Re: [prometheus-users] Facing 5m staleness issue even with 2.x

2022-04-19 Thread Brian Candler
This is an issue with graphite-exporter, not prometheus or staleness.

The problem is this: if your application simply stops sending data to 
graphite-exporter, then graphite-exporter has no idea whether the time 
series has finished or not, so it keeps exporting it for a while.
See https://github.com/prometheus/graphite_exporter#usage
*"To avoid using unbounded memory, metrics will be garbage collected five 
minutes after they are last pushed to. This is configurable with the *
--graphite.sample-expiry* flag."*

Once graphite-exporter stops exporting the metric, then on the next scrape 
prometheus will see that the timeseries has gone, and it will immediately 
mark it as stale (i.e. has no more values), and everything is fine.

Therefore, reducing --graphite.sample-expiry may help, although you need to 
know how often your application sends graphite data; if you set this too 
short, then you'll get gaps in your graphs.

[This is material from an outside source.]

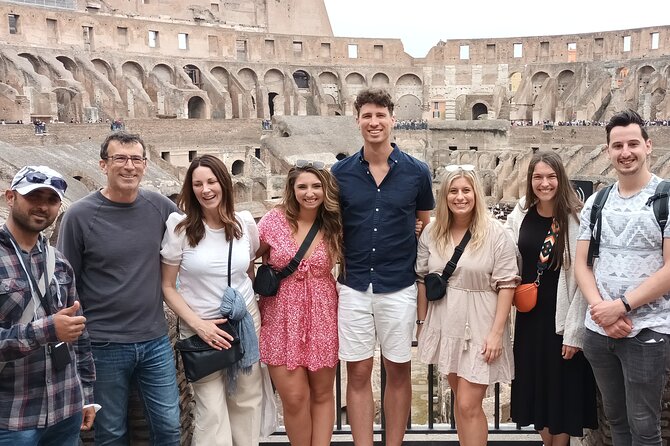 Private Colosseum Tour Without Lines With Roman Forum and Palatine Hill - Reviews and Feedback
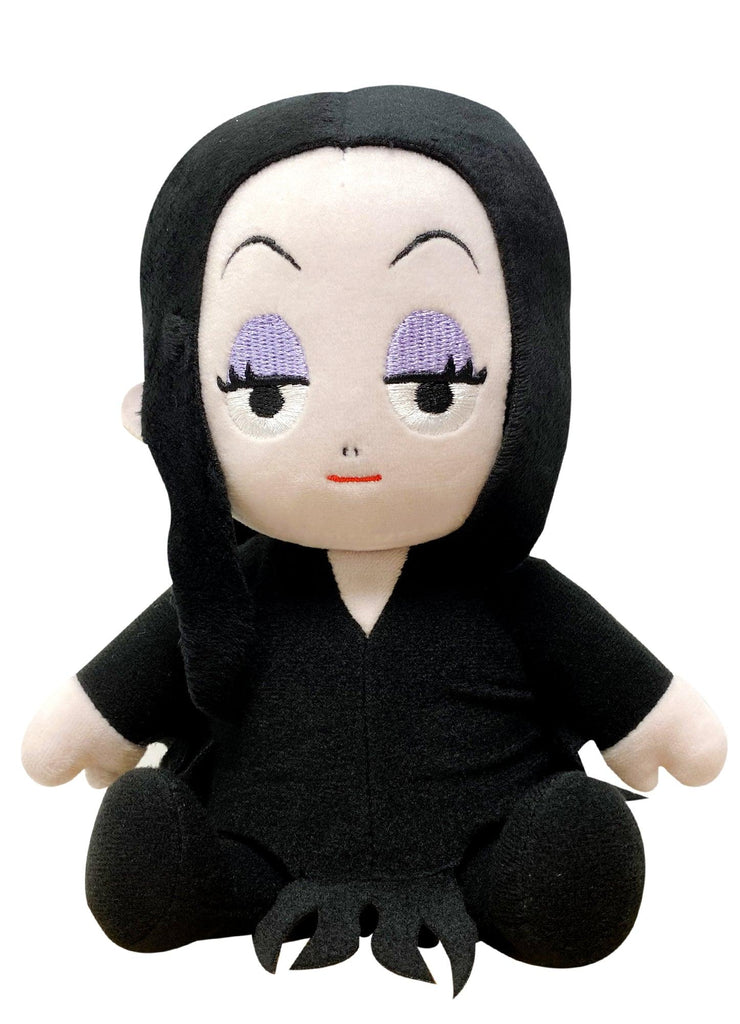 Addams Family Animated Move 2 - Morticia Addams Sitting Plush 7"H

Another option you could try is to get your application to send a "NaN" 
value at the end of this run.  But technically this is a real NaN value, 
not a staleness marker (staleness markers are internally represented as a 
special kind of NaN, but that's an implementation detail that you can't 
rely on).  Still, a NaN may be enough to stop Grafana showing any values 
from this point onwards.

On Tuesday, 19 April 2022 at 12:26:31 UTC+1 anik...@gmail.com wrote:

> Thanks for the response Stuart.. 
>
> To explain you more..
> I am load testing an application through Gatling scripts (similar to 
> jmeter).
>
> Now I want to have a real time monitoring of this load test.
>
> For this, Gatling supports graphite writer protocol(it can't directly talk 
> with prometheus hence I have used graphite-exporter in between)
>
> Now Promotheus will collect these metrics sent by Gatling and provide to 
> Grafana to plot the graphs.
>
> Now the problem is I am getting graphs but even after my load test is 
> finished, I see the last value graph repeating for 5 minutes.
>
> Which is the known issue of prometheus... Hence I am confused on how to 
> resolve this issue? Any configuration need to be added to prometheus.yml 
> file?
>
> Please let me know if you need any further details..
>
>
> On Tue, Apr 19, 2022, 4:44 PM Stuart Clark  wrote:
>
>> On 2022-04-19 08:58, Aniket Kulkarni wrote:
>> > Hi,
>> > 
>> > I have referred below links:
>> > 
>> > I understand this was a problem with 1.x
>> > https://github.com/prometheus/prometheus/issues/398
>> > 
>> > I also got this link as a solution
>> > https://promcon.io/2017-munich/talks/staleness-in-prometheus-2-0/
>> > 
>> > No doubt it's a great session. But I am still not clear as to what
>> > change I have to make and where?
>> > 
>> > I also couldn't find the prometheus docs useful for this.
>> > 
>> > I am using following tech stack:
>> > Gatling -> graphite-exporter -> prometheus-> grafana.
>> > 
>> > I am still facing staleness issue. Please guide me on the solution or
>> > any extra configuration needed?
>> > 
>> > I am using the default storage system by prometheus and not any
>> > external one.
>> > 
>>
>> Could you describe a bit more of the problem you are seeing and what you 
>> are wanting to do?
>>
>> All time series will be marked as stale if they have not been scraped 
>> for a while, which causes data to stop being returned by queries, which 
>> is important as things like labels will change over time (especially for 
>> things like Kubernetes which include pod names). It is expected that 
>> targets will be regularly scraped, so things shouldn't otherwise 
>> disapear (unless there is an error, which should be visible via 
>> something like the "up" metric).
>>
>> As the standard staleness interval is 5 minutes it is recommended that 
>> the maximum scrape period should be no more that 2 minutes (to allow for 
>> a failed scrape without the time series being marked as stale).
>>
>> -- 
>> Stuart Clark
>>
>

-- 
You received this message because you are subscribed to the Google Groups 
"Prometheus Users" group.
To unsubscribe from this group and stop receiving emails from it, send an email 
to prometheus-users+unsubscr...@googlegroups.com.
To view this discussion on the web visit 
https://groups.google.com/d/msgid/prometheus-users/96842b37-bbd3-49f9-adb3-a24bc28cec79n%40googlegroups.com.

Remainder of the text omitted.